Golovanova said that Putin’s supporters rig votes through such practices as “ballot stuffing,” which involves people filling out numerous ballots for Putin and adding them to ballot boxes, and paying busloads of people, in an arrangement called a “carousel,” to travel from district to district and vote for Putin in each one. As a result, Golovanova said, Putin’s United Russia party apparently won as much as 146 percent of the vote in last December’s parliamentary election.

After that election, Golovanova said, “people took to the streets” in the largest numbers since the fall of the Soviet Union in 1993. Over time, the protests grew in size from a few hundred people to hundreds of thousands. This was largely due to the efforts of a handful of activists, many of whom Golovanova knew personally, since they had worked with her mother, a journalist in Moscow, and began their activist careers several years ago drawing picket signs in her living room. People were excited to rally around this cause because of its unifying nature, she said. Indeed, the emerging leaders of this movement included such a diverse cast of lawyers, bloggers, television personalities, journalists, members of the government and even stay-at-home moms.

The day after the December 4 parliamentary election, many protesters were arrested in Moscow and began to use one of their only means of free communication, Twitter, to tweet about the poor conditions in which they were being held.  From her computer in New York, Golovanova was able to organize people via Twitter to bring food or water to those who had been arrested.

“That was kind of a turning point for me,” she said. “I realized I can sit in New York and still make a difference.”

But on December 24, she reached a bigger turning point when she flew to Moscow to take part in another protest and found herself looking out over the sea of 150,000 people chanting, “Freedom to Russia!” At that awe-inspiring moment, she decided that she to move back to Russia later this year so that she can be on the front lines of the movement.

In the meantime, Golovanova has helped to establish an international community of independent monitors of absentee voting, which she said is important because election officials are behind most of the fraud. Responsible for organizing monitors for the 18 voting locations in the United States, she reported that, to the best of her knowledge, not one fraudulent vote was cast in this country in the presidential election. Far less support for Putin was tallied in the United States than in Russia.

Currently, Golovanova is very involved in the international organization Fair Vote for Russia, where she is helping to organize a protest in New York March 10. She also co-founded a fundraising project called Wake Up Russia, which targets Russian donors abroad to raise money to support the protests.

Golovanova said that even without carousels and ballot stuffing, Putin likely would have won the election.

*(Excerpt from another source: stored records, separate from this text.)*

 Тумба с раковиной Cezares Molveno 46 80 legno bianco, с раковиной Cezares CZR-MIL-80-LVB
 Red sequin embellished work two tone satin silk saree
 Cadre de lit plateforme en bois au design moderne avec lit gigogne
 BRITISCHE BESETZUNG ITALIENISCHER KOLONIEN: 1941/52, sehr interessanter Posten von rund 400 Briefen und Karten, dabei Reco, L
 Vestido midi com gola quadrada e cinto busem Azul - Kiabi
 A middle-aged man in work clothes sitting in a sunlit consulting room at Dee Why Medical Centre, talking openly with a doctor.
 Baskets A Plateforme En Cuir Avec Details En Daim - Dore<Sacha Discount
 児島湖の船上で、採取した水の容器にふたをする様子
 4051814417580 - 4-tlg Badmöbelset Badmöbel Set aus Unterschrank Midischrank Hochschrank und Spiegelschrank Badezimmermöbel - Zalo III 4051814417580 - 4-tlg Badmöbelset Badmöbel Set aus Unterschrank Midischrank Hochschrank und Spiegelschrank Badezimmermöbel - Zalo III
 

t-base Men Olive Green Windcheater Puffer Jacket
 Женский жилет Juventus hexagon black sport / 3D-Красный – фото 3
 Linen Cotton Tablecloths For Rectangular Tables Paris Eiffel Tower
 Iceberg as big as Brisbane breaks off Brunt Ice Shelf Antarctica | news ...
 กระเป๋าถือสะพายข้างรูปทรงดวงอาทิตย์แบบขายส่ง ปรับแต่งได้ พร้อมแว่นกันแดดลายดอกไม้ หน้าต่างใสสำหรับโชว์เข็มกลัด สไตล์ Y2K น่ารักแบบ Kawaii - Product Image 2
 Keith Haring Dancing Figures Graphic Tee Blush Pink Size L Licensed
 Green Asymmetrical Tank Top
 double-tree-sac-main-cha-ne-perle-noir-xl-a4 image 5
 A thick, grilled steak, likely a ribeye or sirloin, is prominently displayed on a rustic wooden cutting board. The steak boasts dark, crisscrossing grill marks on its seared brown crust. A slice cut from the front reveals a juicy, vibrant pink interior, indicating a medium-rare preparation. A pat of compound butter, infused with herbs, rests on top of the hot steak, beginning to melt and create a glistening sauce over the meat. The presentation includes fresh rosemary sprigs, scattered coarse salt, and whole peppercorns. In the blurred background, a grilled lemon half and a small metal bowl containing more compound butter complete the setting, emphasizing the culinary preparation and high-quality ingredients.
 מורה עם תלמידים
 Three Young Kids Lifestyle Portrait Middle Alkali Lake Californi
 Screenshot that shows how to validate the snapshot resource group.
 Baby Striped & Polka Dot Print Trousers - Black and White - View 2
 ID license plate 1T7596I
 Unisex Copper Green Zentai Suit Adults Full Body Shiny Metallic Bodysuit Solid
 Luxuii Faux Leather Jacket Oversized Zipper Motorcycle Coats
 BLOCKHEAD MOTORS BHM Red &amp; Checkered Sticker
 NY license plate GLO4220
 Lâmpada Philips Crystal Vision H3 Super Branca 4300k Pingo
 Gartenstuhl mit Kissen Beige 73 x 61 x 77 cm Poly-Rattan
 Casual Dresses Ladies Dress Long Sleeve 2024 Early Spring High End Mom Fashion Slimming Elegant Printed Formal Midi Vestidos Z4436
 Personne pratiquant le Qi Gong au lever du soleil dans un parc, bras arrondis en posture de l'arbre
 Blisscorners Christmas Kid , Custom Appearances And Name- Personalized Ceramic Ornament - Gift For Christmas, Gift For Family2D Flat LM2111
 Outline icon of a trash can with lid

She said she believes the contest was generally free of fraudulent voting, but that does not make the election fair “when you have no free media, no free TV channels, when you can buy people to go to your rallies, where most of the people are threatened if they don’t vote for you.”

In an interview after her talk, she explained that teachers making the equivalent of only a few hundred dollars per month would be told by their employers to vote for Putin, which they do, just as they would accept bribes from students in exchange for high exam grades. “A lot of these people don’t see an alternative. They’d like to make a difference, but what’s more important to them is to put food on their table for their children.”

Despite the definitive results of this past election, protests continue in Moscow and around the world.

For the first time, Golovanova said in her talk, Putin is winning by a smaller margin. Also for the first time, the younger and older generations are coming out in numbers to vote. People are starting to realize that they do have the power to effect change, she said.

“Absolutely everybody [came out to vote], whether they’re rich, … poor, … educated, … not educated, they’re fed up,” she said, and this is scaring the Russian government, as demonstrated by soldiers outnumbering demonstrators at the most recent protests.

Golovanova concluded her talk by explaining why she is absolutely sure Putin will not last a full six-year term in office. Putin’s hold on the government, she said, is based on power, money, and fear. As people continue to show through large, sustained protests that they are no longer afraid, she said, his wealthy supporters will begin to see him as more of a liability than an asset and will stop investing in him. This, she said, would empower the electorate to take away Putin's political power.

Golovanova said she believes Putin will fall nonviolently as factual information about his regime spreads and unhappiness in the general population deepens.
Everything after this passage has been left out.